Ci sono visioni, presentimenti, illuminazioni che segnano il nostro percorso esistenziale. Io ne sono sempre stata convinta. Credo anche per Renata Viganò (1900-1976) quando, a soli 12 anni, si chiedeva: Chi sono? e si rispondeva: Sono piccola ancora, ancora giuoco / volentieri tanto, ma nel cuore / s'accende a volte un subitaneo fuoco, / s'accende a volte un subitaneo amore / per l'arte bella, per la poesia. / Non so che c'è nella vita e nel mondo, / non ho provato il dolore profondo, / ma solo i baci della mamma mia. Renata avrà una vita piena, conoscerà i dolori della guerra e tutto questo confluirà nella sua opera più conosciuta (ne scrisse molte altre).
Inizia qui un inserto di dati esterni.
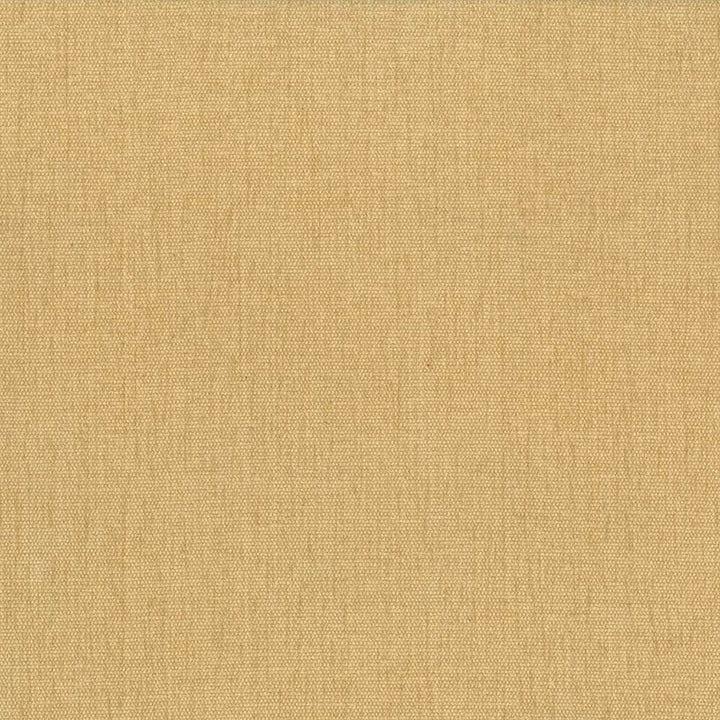 Pinnacle Mustard by Kasmir Designer Fabric 1353 100% Polyester
 INDIA 102,000 Wyzenbeek Double Rubs </p><p>Repeat: Horizontal: N/A and Vertical: N/A 54 - Swanky Fabrics -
Ella dormiva, ma l'anima sua / vagava nell' immenso cielo azzurro, / …diceva a una nuvola: «La tua / forma sì vaga, fragile, stranissima, / …ad un' anima sciolta e senza briglia. / Tu tempesti, dilegui al vento forte, / e l'anima non fa così al dolore, / che la strazia e l'infrange insieme al cuore, / e la spinge pian pian verso la morte?» Dalla raccolta Ginestra in fiore a L’Agnese va a morire il passo è breve. Romanzo sui partigiani scritto da una donna che partigiana era. Premio Viareggio 1949, tradotto in 14 lingue, da esso Giuliano Montaldo girò l’omonimo film, prezioso documento storico oggi caduto nell’oblio così come il libro.
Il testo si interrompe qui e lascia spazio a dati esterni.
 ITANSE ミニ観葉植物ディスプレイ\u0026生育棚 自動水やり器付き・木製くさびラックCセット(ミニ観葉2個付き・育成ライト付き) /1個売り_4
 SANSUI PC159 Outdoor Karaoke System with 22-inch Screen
Agnese perde il marito, morto dopo essere stato imprigionato dai tedeschi, ma è solo dopo che un tedesco uccide la sua gatta che qualcosa scatta in lei e non si ferma più se non con la morte. Agnese è la Resistenza, la madre dei partigiani che sfama, cura, accudisce, ama come fossero i figli che non ha mai avuto. – Tu cosa ne dici, mamma Agnese? – Io non capisco niente, – rispose lei, levando dal fuoco la padella, – ma quello che c’è da fare, si fa. Agnese è la forza di una donna non più giovane – ha appena più di cinquant’anni – dalla schiena rigida e grassa, pesante nei movimenti, col respiro corto: eccola vagare, le gambe stanche e i piedi gonfi, sulle immancabili ciabatte o in sella alla bicicletta, nella nebbia della sua terra occupata dal nemico.
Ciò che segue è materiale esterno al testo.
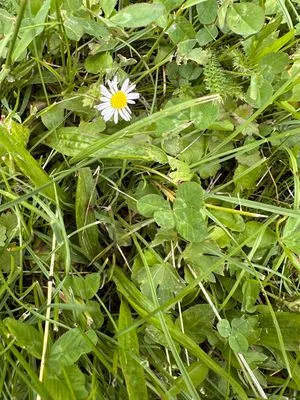 Find #21431 – SEHRADICE_GulášFest003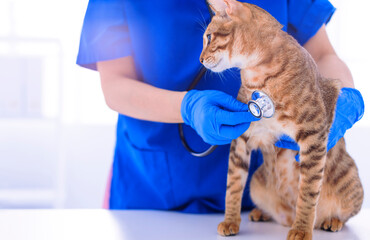 Vet examining pet cat with stethoscope on table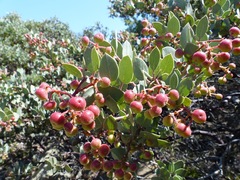 Arctostaphylos viscida pulchella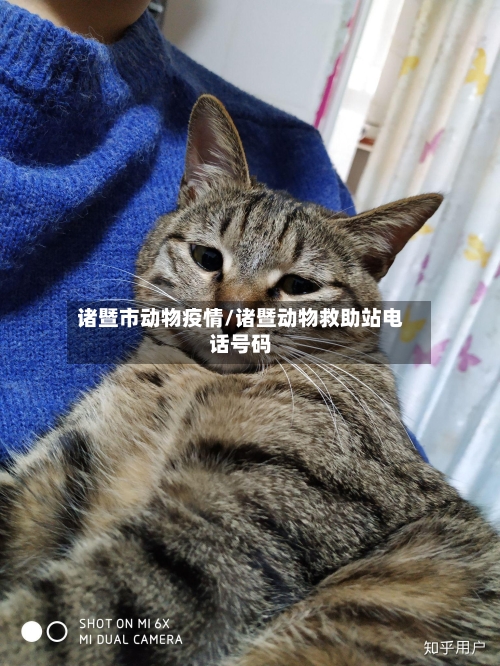诸暨市动物疫情/诸暨动物救助站电话号码-第1张图片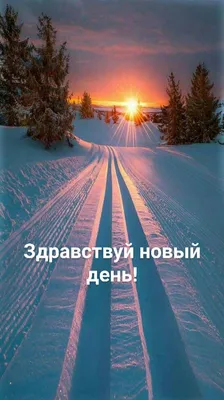 Здравствуй! Новый День Лета! (Дария Павлова) / Проза.ру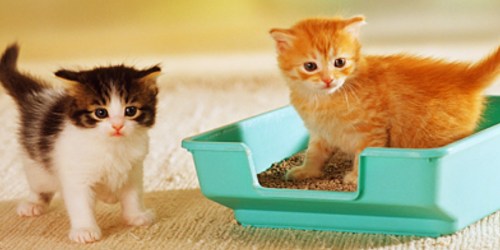 FREE 40-Pound Bag of Dr. Elsey’s Precious Cat Litter (After Mail-In Rebate)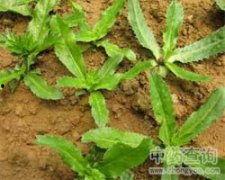芫茜图片,香郁四溢的绿色佳肴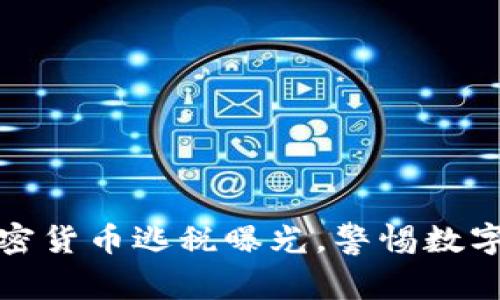 土耳其加密货币逃税曝光,警惕数字资产风险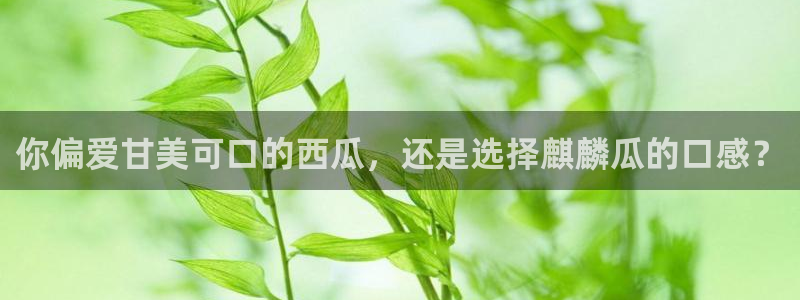 51吃瓜今日吃瓜入口最新:你偏爱甘美可口的西瓜,还是选择麒麟瓜的口感?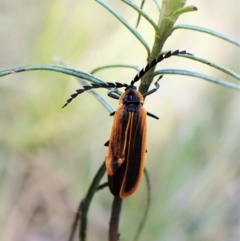 Lycidae sp. (family) at Aranda Bushland - 14 May 2023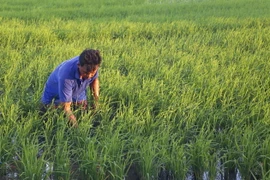 Nông nghiệp là một trong những đề xuất của hai nước. (Ảnh: Huỳnh Sử/TTXVN)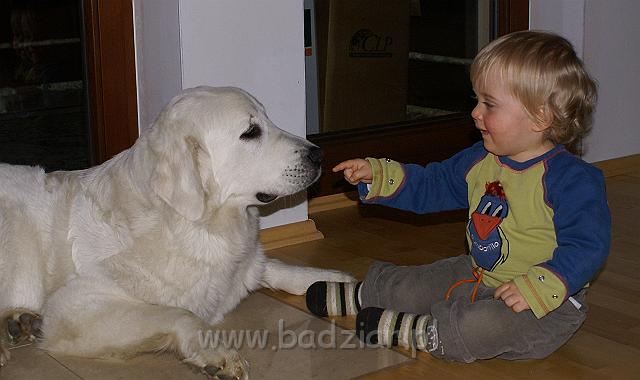 podhalan_09190.jpg - Owczarek Podhalański - KOKIETKA KESSI Badziar (15 miesięcy)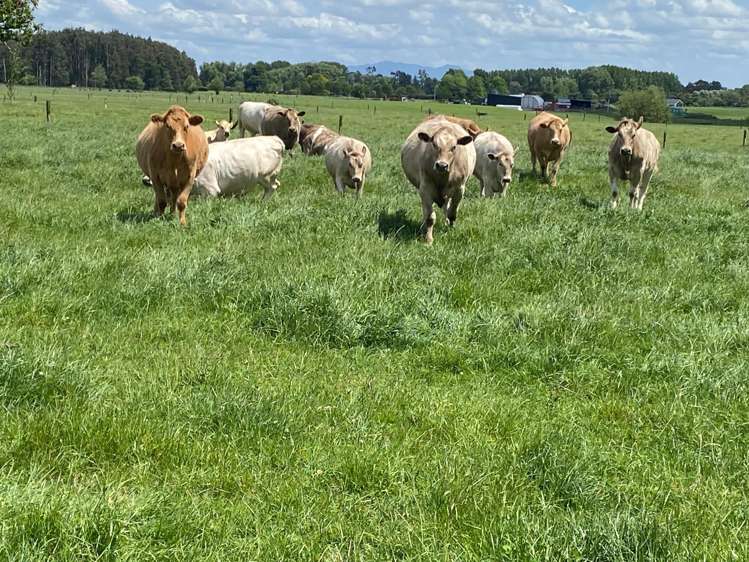 770C Gordonton Road Gordonton_29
Ricorda, di certo, i suoi versi di bimba, Renata/Agnese: Fra la nebbia che ondeggia a volta a volta / non mi rammento più vita né morte. / La bianca nebbia si fa ancor più folta: / fra le mie mani stan le viole morte. E scrive un romanzo sulla Resistenza in uno stile lirico che va dritto al cuore, senza fronzoli. Intanto, nella valle, oltre le capanne già spente, quasi all’opposta estremità del sentiero, si videro nascere delle strisce accese, basse, svelte, come lingue rosse che leccassero. […] E sempre le lingue leccavano a destra e sinistra, e fra l’una e l’altra leccata ancora si propagava la fiamma, cresceva la terra che ardeva, si stampava a poco a poco il disegno della valle
Agnese non è un personaggio inventato, racconta l’autrice: La prima volta che vidi l’Agnese, o quella che nel mio libro porta il nome di Agnese, vivevo davvero in un brutto momento. […] Poi intesi la sua voce che diceva: “È lei la Contessa?” e allora tutto cambiò colore: mai il mio nome di battaglia mi aveva data tanta gioia nel sentirlo pronunciare. Mi sentii riammessa nel giro: non più sfollata ma partigiana. Mio marito nella cella delle SS, io libera sui sassi del fiume: eppure eravamo vicini. […] Noi che uscimmo salvi dalla lotta… ma rinchiusi nel mio libro con lei.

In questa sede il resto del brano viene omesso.